Spanks Again

Would critic Tynan have liked this nice biography of him?

It would take a stunningly inept biographer to render the life of Kenneth Tynan boring and interminable. Here, after all, is a wonder-boy-gone- wrong story with enough glamour, debauchery, and underdog pathos to write its own movie option. The illegitimate son of a politician, Tynan rocketed out of nowhere to become post-war Britain's leading drama critic by age 27. His tenure at the London Observer was legendary, but not as legendary as his personal life, which in the years since his death in 1980 has spawned three scintillating tell-alls: memoirs by his ex-wife and widow, and most recently, his own diaries that chronicle the Caligula-style decadence of his final days. Dominic Shellard's Kenneth Tynan: A Life features little of their salaciousness, focusing instead on the enfant terrible's parabolic career. As a restorative endeavor, it liberates Tynan from decades of tabloid soot, but as a biography, it's frustratingly disembodied,—so intent on canonization that it often ignores the mortal behind the myth.

Such reverence would surely have inspired the book's own protagonist to heights of creative derision. Whatever wit shines through the hagiographic overcast comes from Tynan himself, whose reviews, essays, and letters Shellard quotes in abundance—a welcome inclusion, considering all six volumes of Tynan's collected works are currently out of print. In spotlighting Tynan the critic-artist (versus Tynan the self-promoter, the misogynist, the star fucker), Shellard's book has the epic scope of a Künstlerroman and the humorless analysis of a dissertation: Tynan's championing of Brecht, his battles with government censorship, and above all, his weekly lob-volley skirmishes with fellow critics all testify to a warrior spirit in perpetual motion. It's an ethos Tynan confirms in his 1954 "West End Apathy," proclaiming, "As a critic, I'd rather be a war correspondent than necrologist."

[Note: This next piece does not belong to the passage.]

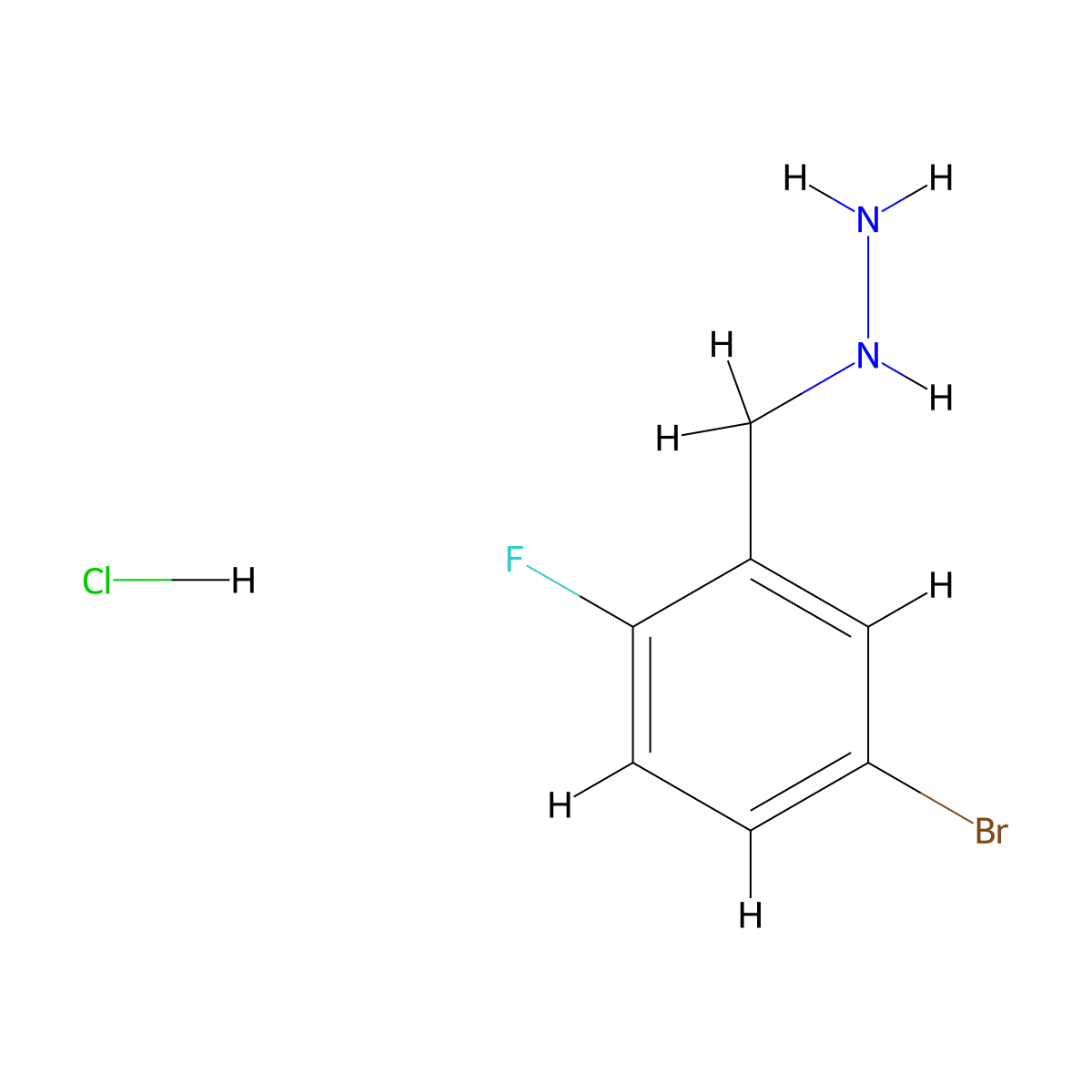 [(5-Bromo-2-fluorophenyl)methyl]hydrazine hydrochloride molecular structure, CAS 1235440-14-8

Shellard's biggest misstep is in compartmentalizing a life notorious for its emotional spillover. As James Wolcott once argued, Tynan was "a man who so sexualized everything" that his writing became an extension of his kinky proclivities. Case in point: Tynan famously described Vivien Leigh as "spankable" and would single her out for such ferocious verbal abuse that his reviews often assumed the air of a flogging. Shellard dutifully avoids drawing such racy parallels, immersing us in bureaucratic minutiae as he prudishly sprints through Tynan's gruesome decline (short-shrifting his swan song—a triumphant series of New Yorker profiles—in the process). Meticulously researched as it is, Kenneth Tynan: A Life too often feels like it's missing precisely that—a life.